Puddings were always a hit. Any cakes, ice creams, things like that.

oliviaAustin · 07/06/2026 18:53

LikeWhoUsesTypewritersAnyway · 07/06/2026 17:08

I was born in the mid 1960s, so was a child in the 1970s and a teen/young adult in the 1980s. Even now, I listen to music from the mid 1970s right up to 2020s... I have no interest whatsoever in anything before the mid 1970s.

Why on earth do they think that anyone wants to listen to music sometimes from over a decade or more before they were even born? (and nothing else.......) Many people like music that is far more recent.
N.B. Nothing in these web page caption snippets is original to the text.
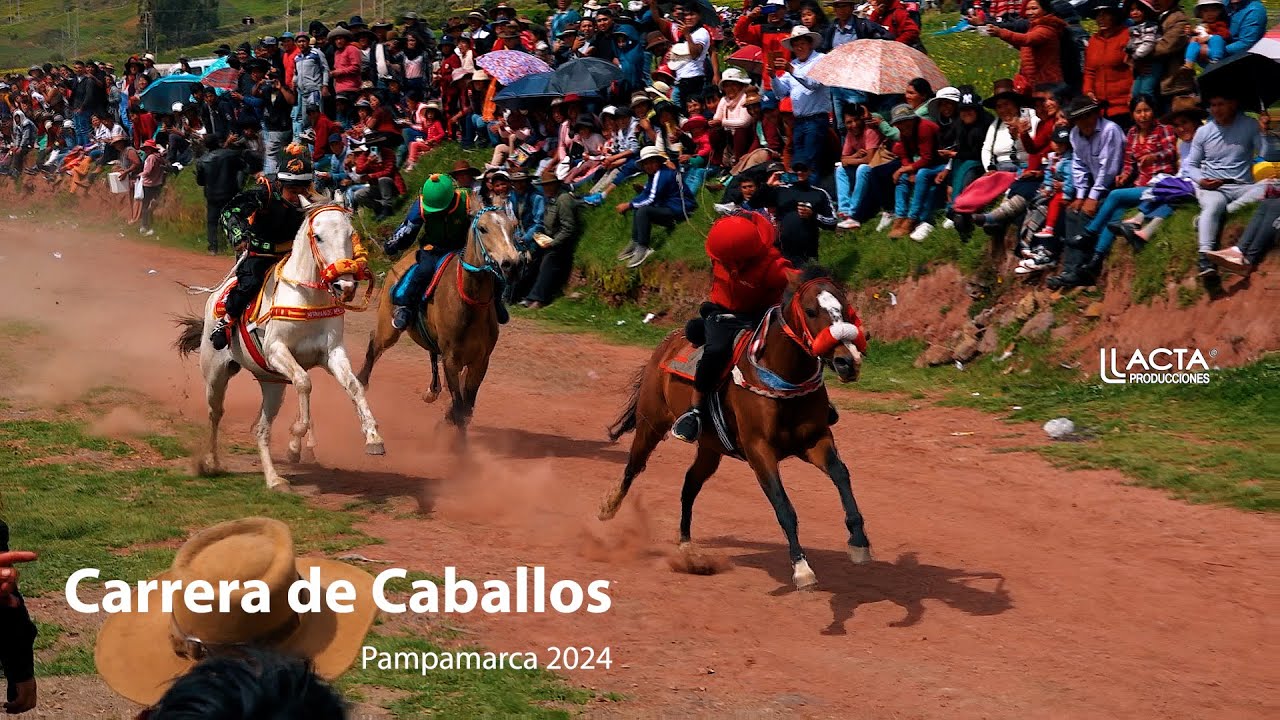 CARRERA DE CABALLOS - PAMPAMARCA CANAS 2024 - RESUMEN - PRIMER DIA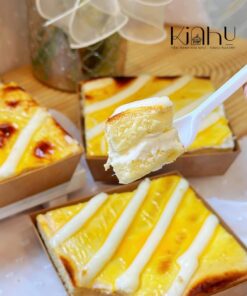 bánh sữa chua phô mai nướng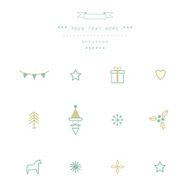 Winter decor N18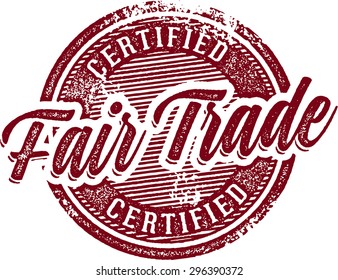 Fair Trade Certified Stamp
It's insulting and patronising.

Sick of being treated as OLD. Once you're past 50, you're OLD (in the eyes of some!)

Like the fucking spam adverts I keep getting in my email and on my phone for baths with doors, walk in showers, retirement villages (kill me now!) and bastard direct cremations and funeral plans! Hmm

I'm only 60, I am as healthy as some people half my age, mobile and independent, and I ain't planning on dying for a LONG time yet! As soon as I hit 50, I got loads of ads on Facebook for wrinkle cream, teeth whitener, hair dye, and botox. FUCK. RIGHT OFFFFFF! I didn't have a single grey hair then, my skin was smooth and I looked 5-6 years younger, and my teeth were fine ta - still are!

So infuriating.

Sorry (went off one one there! Must be my age!) 😂

Tbf I was born in 1995 and of course I want to listen to things from prior to 1985 (a decade before I was born). The world before you were born doesn’t cease to be of any interest it’s just vintage… I still listen to music from all kinds of eras. Imagine if everyone my age ignored the entirety of rock n roll, reggae, punk, ska etc

exaltedwombat · 07/06/2026 19:02

I do a lot of this sort of entertainment. Currently, the most popular offerings seem to be show tunes (My Fair Lady, Sound of Music, Fiddler, Les Mis. etc.) and ‘Songs from the 60s’. A Gilbert & Sullivan selection goes down very well too.

LewKirtonHeavenInTheAfternoonNSOul · 07/06/2026 19:05

daysofpearlyspencer · 06/06/2026 15:30

I want Northern Soul but fear I will get Vera Lynn on a loop....

Likewise better be Northern on or there'll be trouble😁
Stick the white cliffs of Dover

Biggles27 · 07/06/2026 19:16

I totally agree. Same for day centre’s. Those going rocked the 50’s & 60’s. Rock n roll, Beatles, Stones etc.

seriously needs addressing

Biggles27 · 07/06/2026 19:23

ps. if I go into a care home, I need heavy metal!!